One of the things which this pandemic/quarantine/end of the world scenario has done, which I think is actually much to the good, is the reflection, the blessings counting, that’s been happening.
For me, and with a specific purpose in mind, much reflexion has happened because I am finally sorting through a raft of photos I have been sitting on for nearly 20 years. These are pictures “rescued” at a time of upheaval for my family and just put away for some other time, when there was time. Besides those photos, of course, I have my own. So many of them!! I had no idea we were such prolific picture takers, but it’s been joyful to look at them, remember the people, the time. Even when it’s been a little sad, because some of the people have been lost, the warmth in my heart is real.
How does the generation that doesn’t know photographic prints ‘get’ the sheer pleasure of pictures one enjoys leafing through albums, or finds rooting around in old shoe boxes? I snap moments on my smart phone all the time, of course, but holding a print… There is a bit of magic in that that just doesn’t come across a fingerprint begrimed, handheld screen.
Many of my photos are based on place, or rather, one place. The Cottage. Which is actually two cottages and a pop-up tent trailer. My family has owned land along a lake shoreline since the turn of the last century. The first cottage my Great Aunt owned has long-since passed into another family’s hands, but my grandfather wisely bought some land up the shoreline from her during WWII, and four successive generations since have been loving that spot with all our hearts.
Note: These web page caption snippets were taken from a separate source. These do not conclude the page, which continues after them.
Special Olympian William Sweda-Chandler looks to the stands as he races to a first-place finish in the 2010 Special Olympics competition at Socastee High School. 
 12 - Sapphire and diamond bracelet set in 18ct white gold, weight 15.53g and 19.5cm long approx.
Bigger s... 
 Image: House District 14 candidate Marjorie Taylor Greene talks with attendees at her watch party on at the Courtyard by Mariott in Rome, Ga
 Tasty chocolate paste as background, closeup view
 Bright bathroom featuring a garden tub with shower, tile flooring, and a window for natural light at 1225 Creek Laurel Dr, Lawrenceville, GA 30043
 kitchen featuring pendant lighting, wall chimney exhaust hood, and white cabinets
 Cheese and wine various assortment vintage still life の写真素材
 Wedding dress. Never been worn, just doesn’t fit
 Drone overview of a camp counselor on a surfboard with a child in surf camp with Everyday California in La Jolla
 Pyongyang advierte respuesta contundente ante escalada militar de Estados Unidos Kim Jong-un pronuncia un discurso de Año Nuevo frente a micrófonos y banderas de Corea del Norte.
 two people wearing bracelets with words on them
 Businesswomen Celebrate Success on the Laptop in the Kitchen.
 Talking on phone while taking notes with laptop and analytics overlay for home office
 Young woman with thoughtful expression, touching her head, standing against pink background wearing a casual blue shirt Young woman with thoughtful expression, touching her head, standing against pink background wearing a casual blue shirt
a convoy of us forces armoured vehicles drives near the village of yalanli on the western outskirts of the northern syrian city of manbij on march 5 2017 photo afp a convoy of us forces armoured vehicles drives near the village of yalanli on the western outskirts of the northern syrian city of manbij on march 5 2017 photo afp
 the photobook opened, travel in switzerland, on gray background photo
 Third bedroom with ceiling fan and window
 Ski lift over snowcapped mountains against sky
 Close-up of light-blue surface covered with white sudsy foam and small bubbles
For a couple of my siblings, that love makes do as a memory of glorious days past, while for a couple of us it’s those lovely days when we have the time to travel there and immerse ourselves in water, sun, and memories we make and re-live. For my two youngest brothers however, and their families, being at The Cottage is what the summer season, which runs from May to October, means.
So I have been looking at the photos of The Cottage, and the first cottage where we were children down the bay from the one on the point. Pictures of grandparents, parents, uncles, cousins, friends, and us. I have been remembering the moments, the activities, the sun and wind, the smell, the food and laughter.
I do not feel quarantined when holding these photos, these memories. Social distancing is not in that moment. The border between where I live and where my heart is has opened so I may come home again.
Other photos have much the same effect, of course. There are many pictures of the loved children of dear friends, children at play or in Hallowe’en costumes or showing off silly faces covered in chocolate or sauces. Children who now share photos of their children with chocolate on their faces, and I am left wondering how time actually works to have wrought such changes.
I love re-living a few adventures with my husband, who has always been a wonderful companion on all journeys, quarantined or not. I have been chuckling at pictures of people met during our first week of married life in Florida and with whom I share friendship today, and further photos of friends made at all the stops on our marriage journey across 4 states, two countries and 18 homes, telling myself the stories that make up our share experiences. And I am finding the one-of moments, barely remembered but suddenly brought back to life in my mind, especially sweet to consider.
All of this has been part of creating photo albums for my siblings and my uncle. I want them to re-live, to savour, to quietly celebrate those people, places, and events of our shared life. I am hoping to ship the albums off in early November, with the hope they will arrive for Christmas. Given the US Post Office right now.. who knows.
These are my memories, but theirs as well. This is my life, and a little part of theirs as well. This is how we can socially distance but be together. It’s made the end-of-the-world less end-ish.